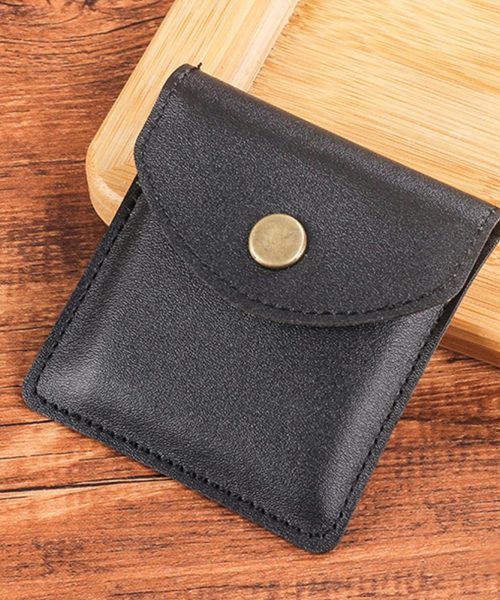 Cendrier de poche en cuir marron format pochette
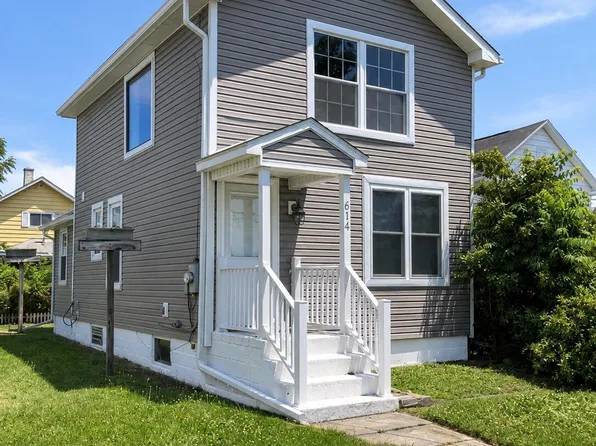 614 Warren St, Peckville, PA 18452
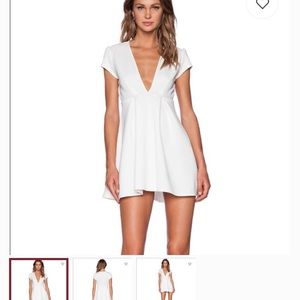 Twin Sisters White drop V mini dress SIZE LARGE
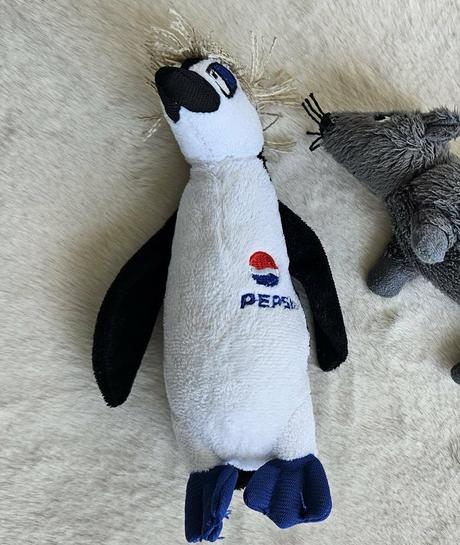 Plysova hracka tucniak, 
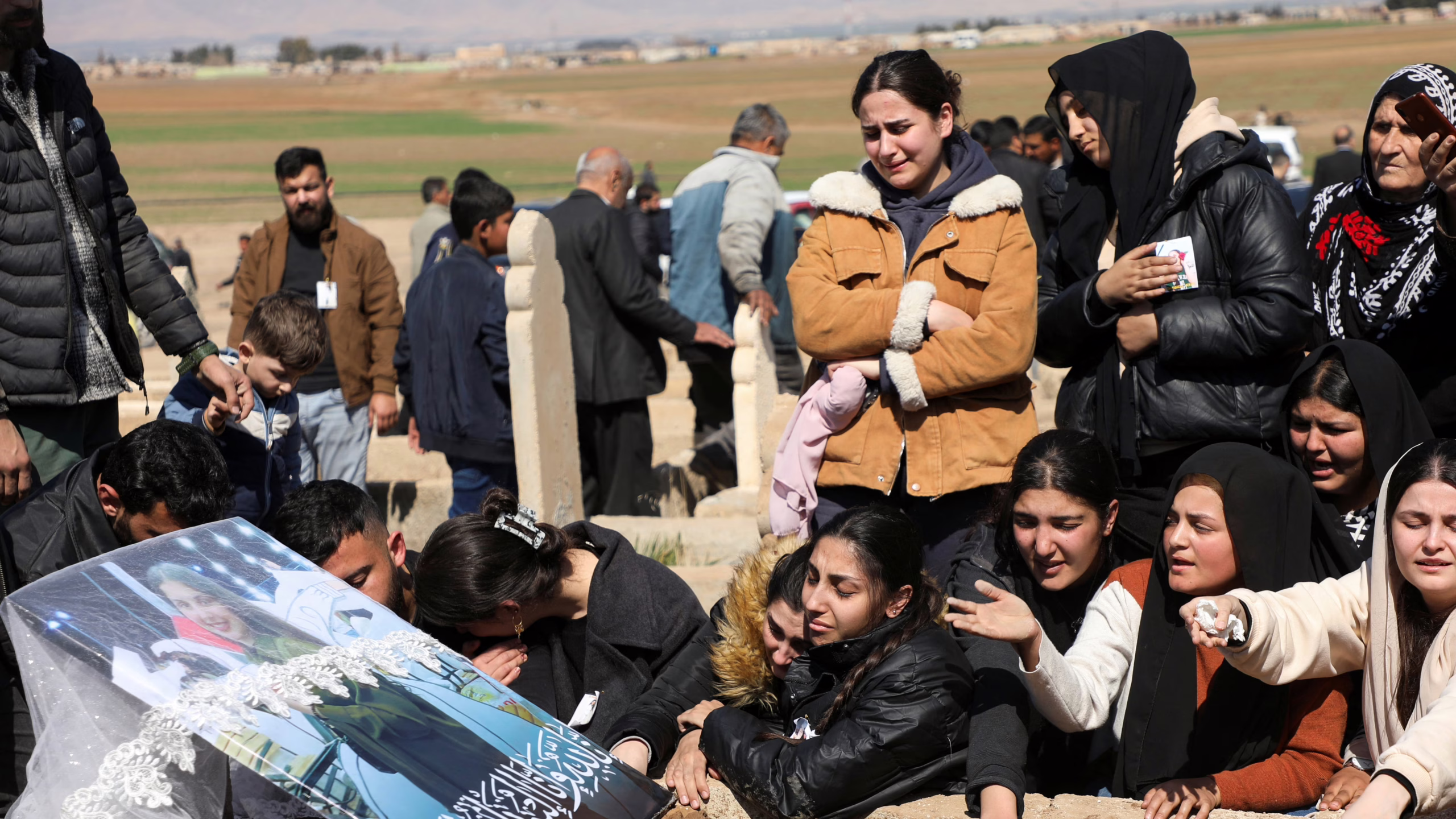 tres-dias-de-insurreccion-y-masacres-de-civiles-amenazan-con-descarrilar-la-transicion-en-siria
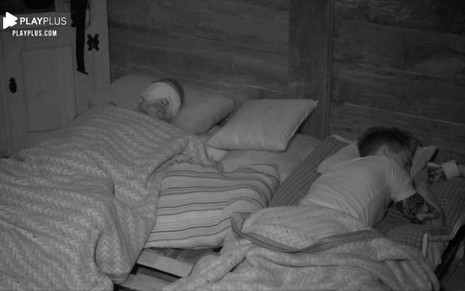 Juliano Ceglia e Biel dormindo em a Fazenda 12 na transmissão do PlayPlus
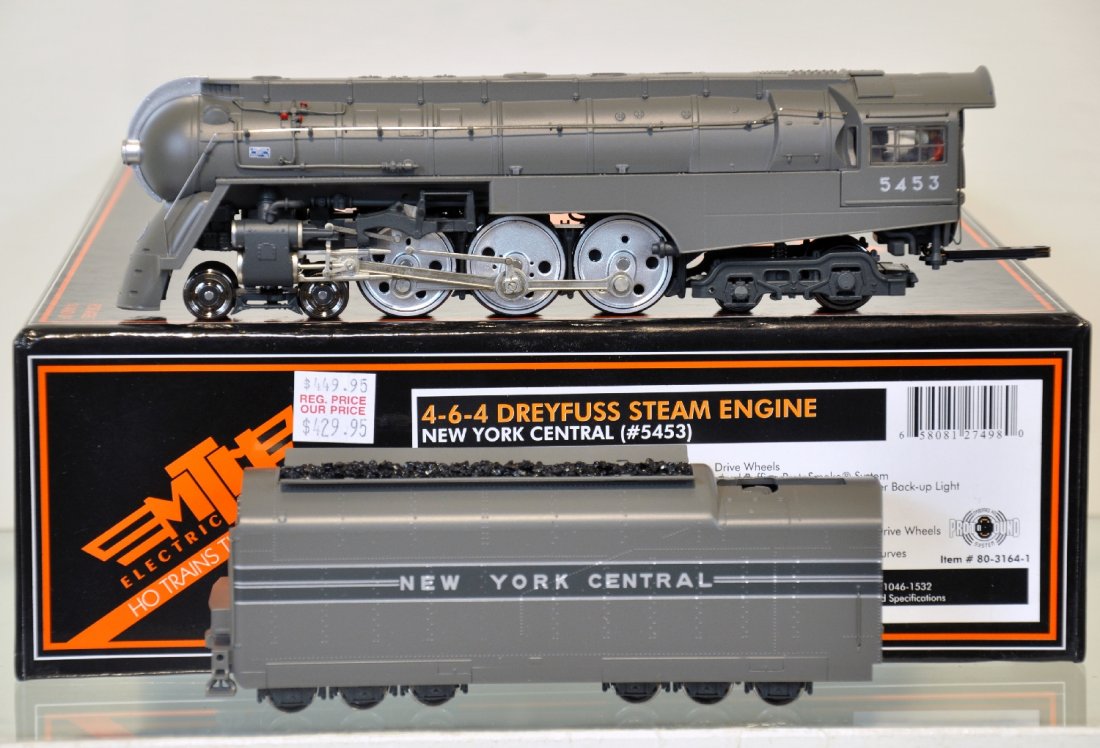 MTH HO 80-3164-1 NYC Dreyfuss Hudson: Super detailed Streamline loco cab #5453 with DCC, ProtoSounds 3.0, ProtoSmoke, lighted interior & more. It appears new in box, C10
--------------------
Your instructions: Leave the pictures out and restate exactly the lines from the one that has "Juliano Ceglia e" through the final line of the entries above, both ends included.

Exercise solution:
 Juliano Ceglia e Biel dormindo em a Fazenda 12 na transmissão do PlayPlus
 MTH HO 80-3164-1 NYC Dreyfuss Hudson: Super detailed Streamline loco cab #5453 with DCC, ProtoSounds 3.0, ProtoSmoke, lighted interior & more. It appears new in box, C10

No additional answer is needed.